*Task item:*
Below are some records; copy each line in them that contains "Storage".

━━━━━━━━━━━━━━━━━━━━

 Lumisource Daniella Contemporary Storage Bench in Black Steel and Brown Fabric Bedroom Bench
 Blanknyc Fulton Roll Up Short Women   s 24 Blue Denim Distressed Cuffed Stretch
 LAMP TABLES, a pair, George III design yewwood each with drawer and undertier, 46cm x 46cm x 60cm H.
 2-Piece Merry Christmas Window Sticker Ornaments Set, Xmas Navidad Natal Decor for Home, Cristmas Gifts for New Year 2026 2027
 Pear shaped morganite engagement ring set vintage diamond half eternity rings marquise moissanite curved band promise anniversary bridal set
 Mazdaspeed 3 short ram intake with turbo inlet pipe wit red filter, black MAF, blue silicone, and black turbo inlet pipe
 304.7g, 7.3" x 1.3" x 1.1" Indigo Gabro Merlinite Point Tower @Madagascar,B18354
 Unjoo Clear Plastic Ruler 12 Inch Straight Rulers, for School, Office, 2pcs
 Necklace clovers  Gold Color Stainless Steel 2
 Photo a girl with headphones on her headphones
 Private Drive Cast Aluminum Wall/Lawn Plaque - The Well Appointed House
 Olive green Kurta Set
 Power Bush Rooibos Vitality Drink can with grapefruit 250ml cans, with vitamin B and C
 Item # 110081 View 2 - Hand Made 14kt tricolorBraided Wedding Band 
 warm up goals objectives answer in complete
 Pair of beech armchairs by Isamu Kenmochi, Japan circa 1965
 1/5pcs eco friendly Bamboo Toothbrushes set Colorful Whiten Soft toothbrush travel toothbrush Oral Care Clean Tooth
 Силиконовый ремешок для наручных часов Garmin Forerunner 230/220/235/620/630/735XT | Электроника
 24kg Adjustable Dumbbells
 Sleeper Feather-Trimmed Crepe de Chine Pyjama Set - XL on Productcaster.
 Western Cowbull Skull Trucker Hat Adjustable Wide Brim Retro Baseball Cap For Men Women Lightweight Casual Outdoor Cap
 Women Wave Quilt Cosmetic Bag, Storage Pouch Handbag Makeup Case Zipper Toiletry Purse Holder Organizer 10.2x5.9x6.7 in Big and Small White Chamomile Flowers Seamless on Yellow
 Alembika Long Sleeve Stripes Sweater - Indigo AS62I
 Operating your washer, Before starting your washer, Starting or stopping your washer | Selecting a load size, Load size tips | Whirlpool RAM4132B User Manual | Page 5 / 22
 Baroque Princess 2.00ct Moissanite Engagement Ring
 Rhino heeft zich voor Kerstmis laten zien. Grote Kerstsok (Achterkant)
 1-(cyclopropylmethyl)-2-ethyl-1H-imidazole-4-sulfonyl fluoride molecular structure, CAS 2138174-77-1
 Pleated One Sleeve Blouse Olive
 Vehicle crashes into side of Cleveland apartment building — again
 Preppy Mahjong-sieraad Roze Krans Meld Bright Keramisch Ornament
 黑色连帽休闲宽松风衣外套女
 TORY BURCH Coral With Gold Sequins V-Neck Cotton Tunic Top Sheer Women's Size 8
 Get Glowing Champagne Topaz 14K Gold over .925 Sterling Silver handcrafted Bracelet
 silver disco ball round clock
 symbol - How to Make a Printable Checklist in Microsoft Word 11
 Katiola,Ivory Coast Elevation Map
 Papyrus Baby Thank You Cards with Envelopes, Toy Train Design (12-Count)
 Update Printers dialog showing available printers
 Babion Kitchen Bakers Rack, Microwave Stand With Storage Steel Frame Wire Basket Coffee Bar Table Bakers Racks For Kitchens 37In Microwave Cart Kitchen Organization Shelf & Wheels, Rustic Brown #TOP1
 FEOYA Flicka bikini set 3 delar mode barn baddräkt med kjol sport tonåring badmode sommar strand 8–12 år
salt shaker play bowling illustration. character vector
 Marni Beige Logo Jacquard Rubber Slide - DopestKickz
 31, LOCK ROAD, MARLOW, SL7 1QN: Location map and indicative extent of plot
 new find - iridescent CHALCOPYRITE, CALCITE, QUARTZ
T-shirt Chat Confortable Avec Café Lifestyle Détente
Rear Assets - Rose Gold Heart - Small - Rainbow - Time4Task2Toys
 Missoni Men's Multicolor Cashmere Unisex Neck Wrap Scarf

━━━━━━━━━━━━━━━━━━━━

*Output of the task:*
 Lumisource Daniella Contemporary Storage Bench in Black Steel and Brown Fabric Bedroom Bench
 Women Wave Quilt Cosmetic Bag, Storage Pouch Handbag Makeup Case Zipper Toiletry Purse Holder Organizer 10.2x5.9x6.7 in Big and Small White Chamomile Flowers Seamless on Yellow
 Babion Kitchen Bakers Rack, Microwave Stand With Storage Steel Frame Wire Basket Coffee Bar Table Bakers Racks For Kitchens 37In Microwave Cart Kitchen Organization Shelf & Wheels, Rustic Brown #TOP1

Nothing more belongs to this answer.